*** Begin section ***

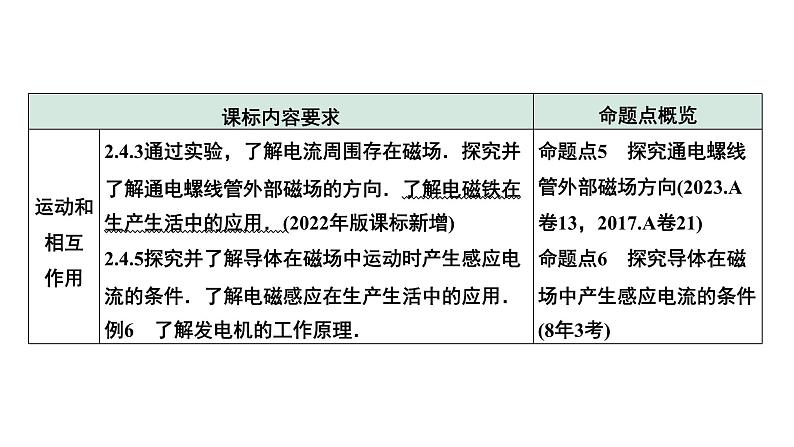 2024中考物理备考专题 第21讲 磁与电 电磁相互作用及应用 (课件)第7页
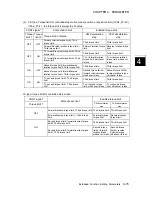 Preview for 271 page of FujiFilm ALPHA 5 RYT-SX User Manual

*** End section ***
*** Begin section ***

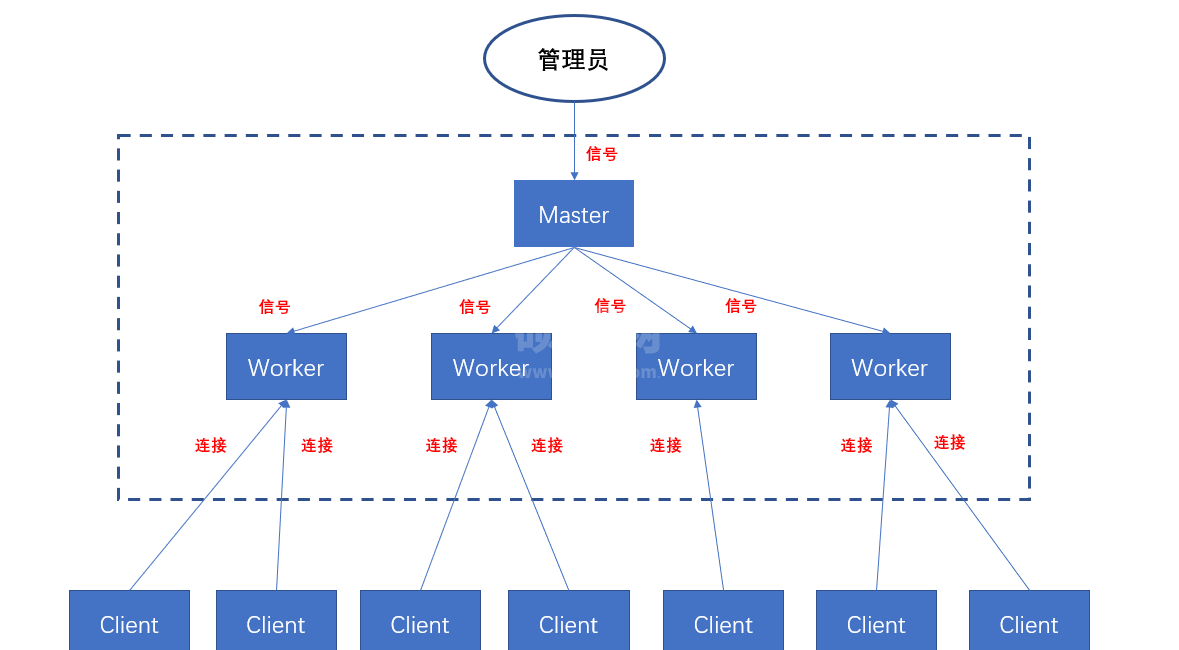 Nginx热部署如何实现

*** End section ***
*** Begin section ***

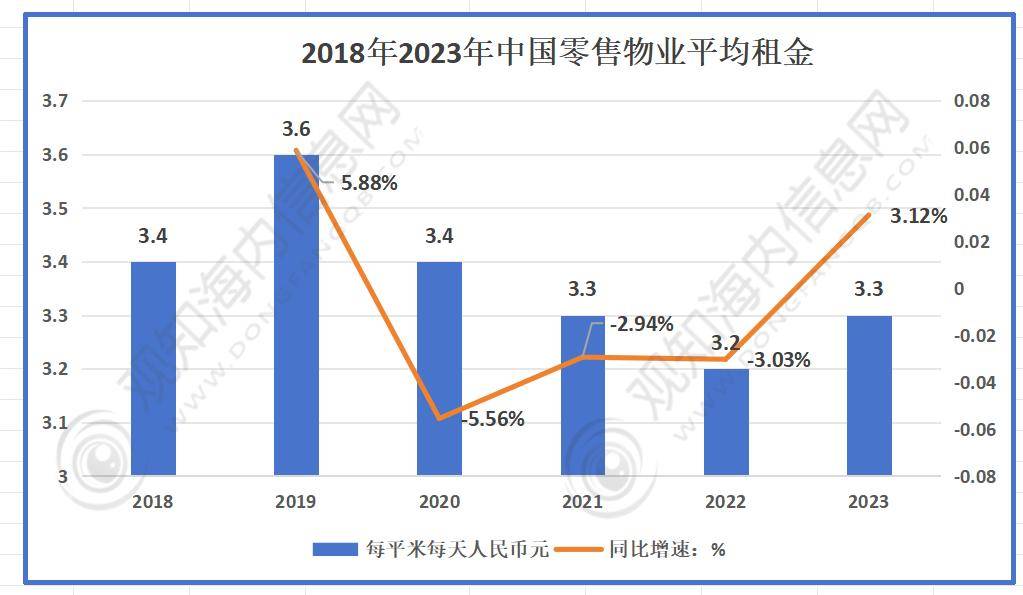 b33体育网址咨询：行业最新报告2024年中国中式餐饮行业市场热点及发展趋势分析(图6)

*** End section ***

Instructions to follow:
Above are records; repeat only the lines from the line with "2024中考物理备考专题 第21讲 磁与电 电磁相互作用及应用 (课件)第7页" through the line with "Preview for 271", and leave pictures out.

Response area:
 2024中考物理备考专题 第21讲 磁与电 电磁相互作用及应用 (课件)第7页
 Preview for 271 page of FujiFilm ALPHA 5 RYT-SX User Manual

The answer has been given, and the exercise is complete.